Top of Extracted entries

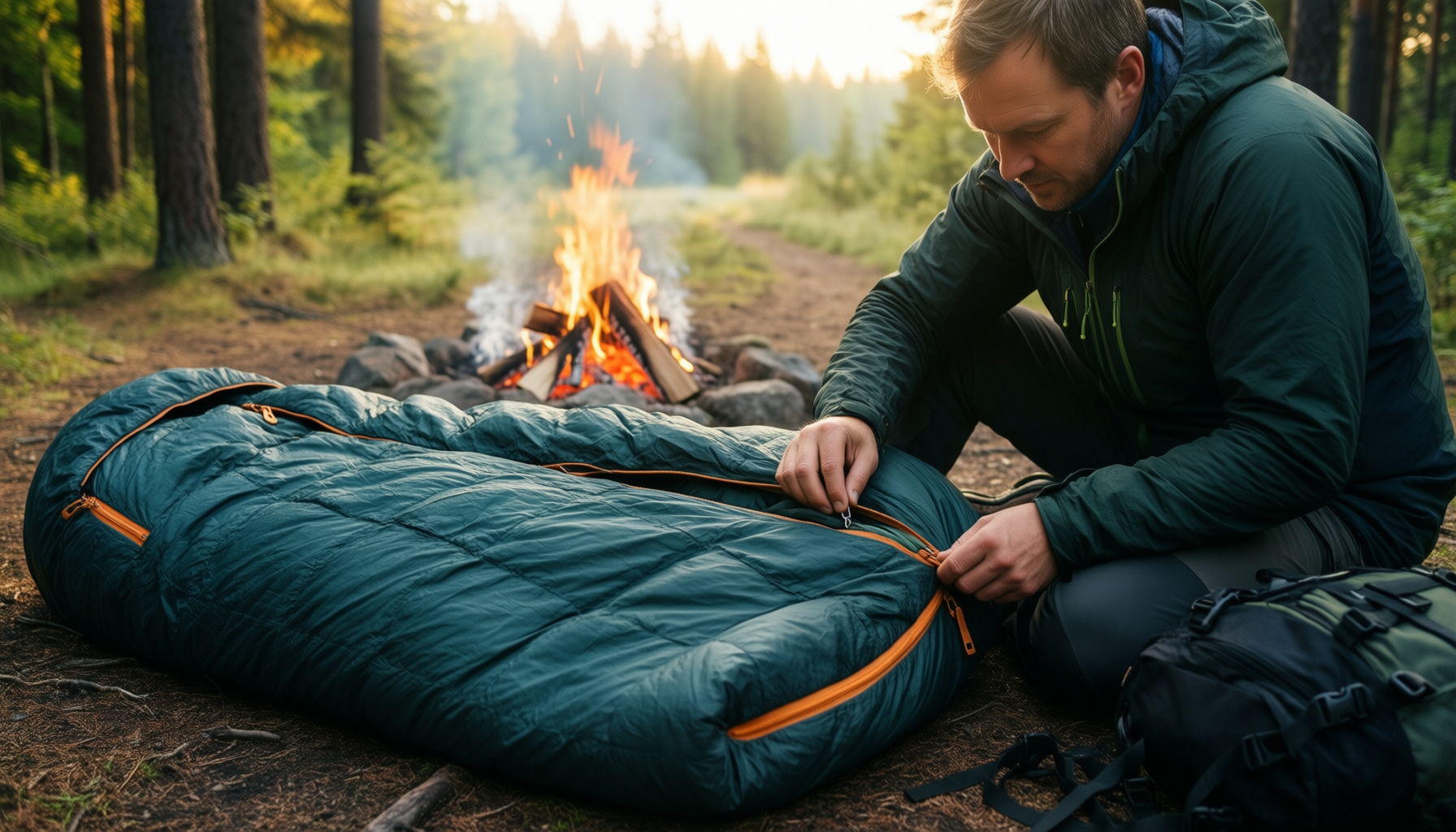 vango nitestar sleeping bag review — illustrative AI-generated lifestyle image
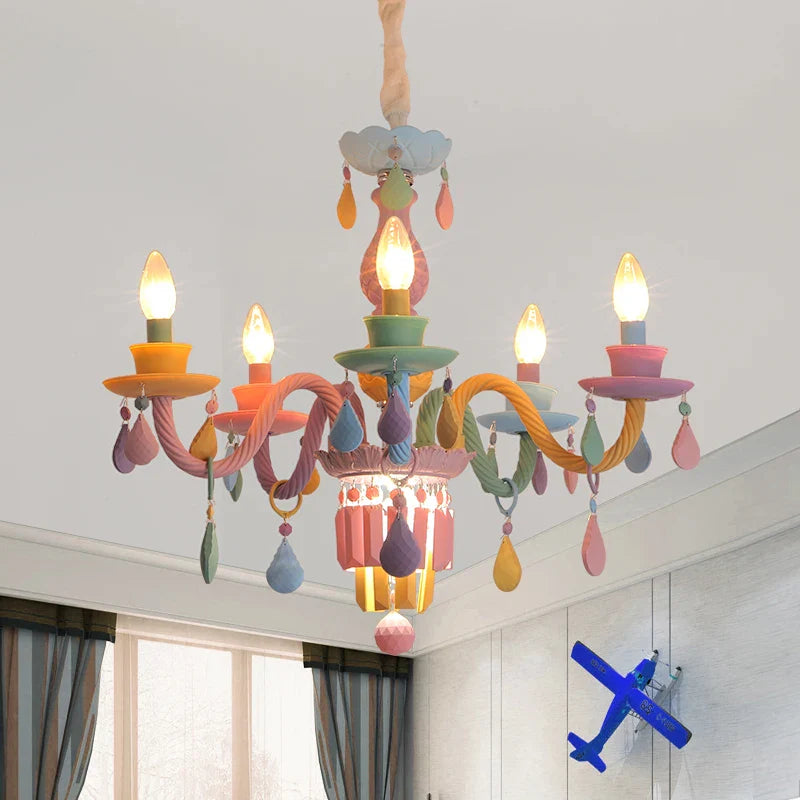 Afralia™ Crystal Chandelier Girl Baby Bedroom Lamp Nordic Princess Room Lighting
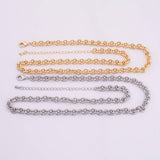 May include: Two necklaces with a chain link design. One necklace is gold-colored, and the other is silver-colored. Both necklaces have a lobster clasp closure and an extender chain for adjustable length. The necklaces are displayed on a white background.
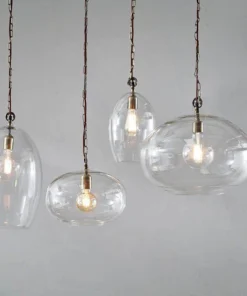 Nkuku Otoro Glass Pendant - Small Oval Living Room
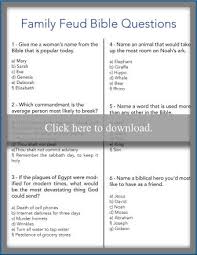 General education lots of families enjoy chilling out with an episode of the game show family feud in the evenings. Fun Family Feud Bible Questions With Printable Lovetoknow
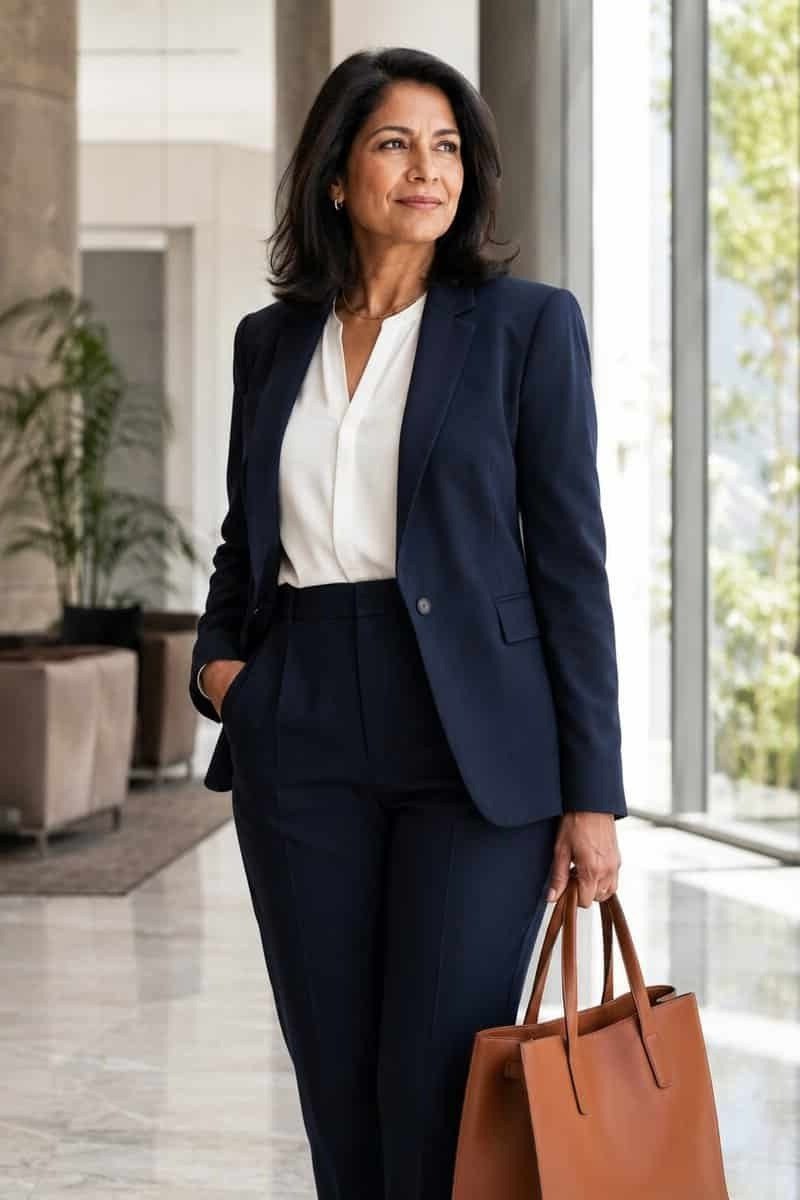 Navy blazer with white shirt and navy trousers, office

Bottom of Extracted entries

Please give a word-for-word transcript of the lines from the one holding "Nkuku Otoro Glass" through the final line of the entries, both ends kept, with no pictures.

**Output of the task**
 Nkuku Otoro Glass Pendant - Small Oval Living Room
 General education lots of families enjoy chilling out with an episode of the game show family feud in the evenings. Fun Family Feud Bible Questions With Printable Lovetoknow
 Navy blazer with white shirt and navy trousers, office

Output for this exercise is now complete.